The working conditions of the so-called karigars, who make handicrafts for luxury brands, have long been an issue. Now many have no job at all.
By Elizabeth Paton
Saddam Sekh used to be a floor supervisor at a steamy Indian workshop in Mumbai that produced orders for an exporter working with some of the biggest names in luxury fashion, including Dior and Gucci. Day and night, he would watch as the karigars — an Urdu term for the highly skilled artisans who specialize in handicrafts like embroidery, beading and appliqué — stitched designer gowns destined for the Hollywood red carpet, or ornate samples for runway shows in Milan and Paris.
But when the coronavirus pandemic took hold, their work slammed to a halt, the backbone of the Indian garment supply chain quickly crumbling as millions of migrant laborers scattered across the country. More than a year later — as India races to contain a second wave of the coronavirus, centered in Mumbai, with further lockdowns — many of those employed by the Indian fashion industry are struggling to adjust to a harsh new reality.

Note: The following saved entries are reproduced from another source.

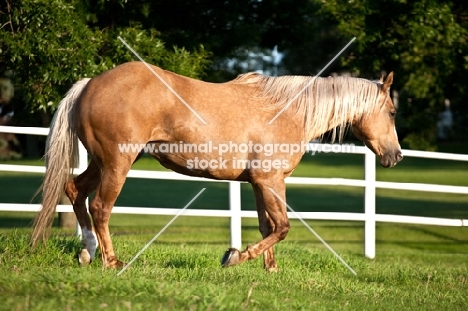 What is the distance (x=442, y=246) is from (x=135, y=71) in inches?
337

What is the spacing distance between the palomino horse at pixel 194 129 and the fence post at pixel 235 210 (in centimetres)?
256

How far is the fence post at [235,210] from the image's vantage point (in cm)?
1005

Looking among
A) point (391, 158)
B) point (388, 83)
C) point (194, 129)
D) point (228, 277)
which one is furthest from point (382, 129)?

“The factory is currently shut because there is no work — it’s a big zero now,” Mr. Sekh said, adding that some of the artisans were working instead as day laborers for 200 to 300 rupees, or $2.50 to $4, per day. One ended up in a biscuit factory, another in plastics and another in farming. Some were calling from their villages, pleading for loans, but the managers and supervisors themselves are in dire financial straits. For now, the factory gates remain locked.

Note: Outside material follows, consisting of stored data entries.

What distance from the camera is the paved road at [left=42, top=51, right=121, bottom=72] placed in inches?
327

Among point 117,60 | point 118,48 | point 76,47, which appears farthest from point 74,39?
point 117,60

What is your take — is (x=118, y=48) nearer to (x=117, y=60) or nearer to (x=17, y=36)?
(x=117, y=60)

“The situation before was nothing like what you see today,” Mr. Sekh continued. “The karigars especially are in extreme distress.”
Mumbai, where labor is cheap and the quality of intricate handiwork high, has long been a linchpin in the global luxury supply chain. But in the pandemic, orders vanished overnight. Although some of Mumbai’s workshops have reopened, the volume of requests from high-end fashion brands is far from what it was. Prospects for many karigars remain bleak.